Bursting Into (In)flame

Quick #backpocketpost today I reflect on my experience this past Wednesday.

I never really thought much about “systemic inflammation” before I was diagnosed with ankylosing spondylitis. I knew that my c-reactive protein level was way up, but I didn’t appreciate how high it really was, and my body was battling something that not only inflamed my joints but increased my risk of heart attack and stroke by more than 75%. Or so I was told.

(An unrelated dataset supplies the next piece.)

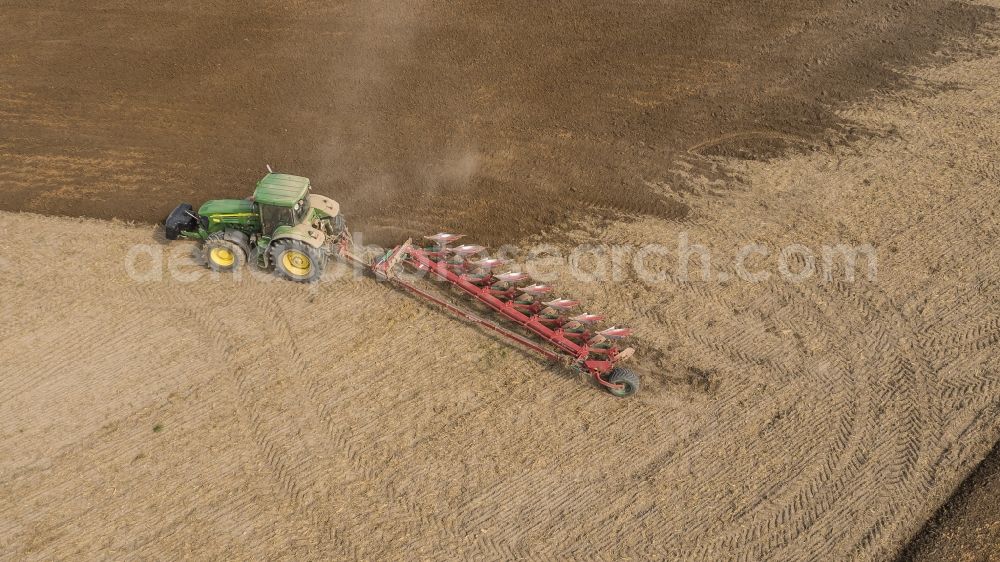 Aerial photograph Sauheim - Plowing and shifting the earth by a tractor with plow on agricultural fields in Sauheim in the state Bavaria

Now I think about inflammation all the time. Well versed in those things that create inflammatory responses in my body, I am. Diet seems to be one of the biggest culprits — there’s a genetic marker for this particular autoimmune condition, but I don’t even know if I have it. It wouldn’t change much if I did know, to be honest.

What I’m learning, somewhat (very) begrudgingly, is that I have much to understand when it comes to managing this condition. I don’t have the same kind of energy I once did, and certain inflammation-producing foods can invite serious pain and discomfort.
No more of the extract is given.